Short descriptive text snippets

· · · ·

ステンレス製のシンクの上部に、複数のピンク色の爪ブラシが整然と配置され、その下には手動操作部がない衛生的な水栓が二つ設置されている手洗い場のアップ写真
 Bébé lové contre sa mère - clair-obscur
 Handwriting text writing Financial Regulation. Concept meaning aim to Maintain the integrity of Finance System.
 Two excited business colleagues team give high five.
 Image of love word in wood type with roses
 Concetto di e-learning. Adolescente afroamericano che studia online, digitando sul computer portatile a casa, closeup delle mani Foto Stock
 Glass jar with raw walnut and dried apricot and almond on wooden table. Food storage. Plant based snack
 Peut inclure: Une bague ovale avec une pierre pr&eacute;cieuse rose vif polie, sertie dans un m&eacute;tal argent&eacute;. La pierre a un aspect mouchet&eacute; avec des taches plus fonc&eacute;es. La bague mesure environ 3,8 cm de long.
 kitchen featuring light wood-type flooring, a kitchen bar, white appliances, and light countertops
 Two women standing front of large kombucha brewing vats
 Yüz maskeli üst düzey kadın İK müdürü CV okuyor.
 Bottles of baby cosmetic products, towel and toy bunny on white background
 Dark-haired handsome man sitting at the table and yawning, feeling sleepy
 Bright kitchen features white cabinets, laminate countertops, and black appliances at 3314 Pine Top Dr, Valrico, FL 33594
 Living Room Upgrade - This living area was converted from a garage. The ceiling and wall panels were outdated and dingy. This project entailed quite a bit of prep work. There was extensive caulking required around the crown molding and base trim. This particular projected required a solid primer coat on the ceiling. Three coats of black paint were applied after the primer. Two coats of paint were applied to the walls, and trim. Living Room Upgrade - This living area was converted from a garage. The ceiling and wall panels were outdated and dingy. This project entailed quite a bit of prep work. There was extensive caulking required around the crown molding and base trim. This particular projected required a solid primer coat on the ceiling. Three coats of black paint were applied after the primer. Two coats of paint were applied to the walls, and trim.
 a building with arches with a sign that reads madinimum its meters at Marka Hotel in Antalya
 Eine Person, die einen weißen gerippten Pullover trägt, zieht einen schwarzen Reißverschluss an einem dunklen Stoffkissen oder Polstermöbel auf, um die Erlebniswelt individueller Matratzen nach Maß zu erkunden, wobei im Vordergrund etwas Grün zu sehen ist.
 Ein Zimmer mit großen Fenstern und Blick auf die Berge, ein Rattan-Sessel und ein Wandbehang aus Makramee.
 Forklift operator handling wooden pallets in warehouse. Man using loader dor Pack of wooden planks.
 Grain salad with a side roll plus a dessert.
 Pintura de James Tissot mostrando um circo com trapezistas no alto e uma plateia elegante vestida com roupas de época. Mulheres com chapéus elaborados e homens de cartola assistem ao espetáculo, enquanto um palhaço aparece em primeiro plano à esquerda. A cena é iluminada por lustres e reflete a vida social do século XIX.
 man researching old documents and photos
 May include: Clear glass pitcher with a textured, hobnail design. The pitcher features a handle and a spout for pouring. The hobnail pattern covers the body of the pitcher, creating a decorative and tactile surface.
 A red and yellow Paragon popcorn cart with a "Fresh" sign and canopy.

· · · ·

▶ **What to do**: Every line of the entries above that contains the word "type" must be tallied, and the number alone reported.

▶ **Task solution**: 2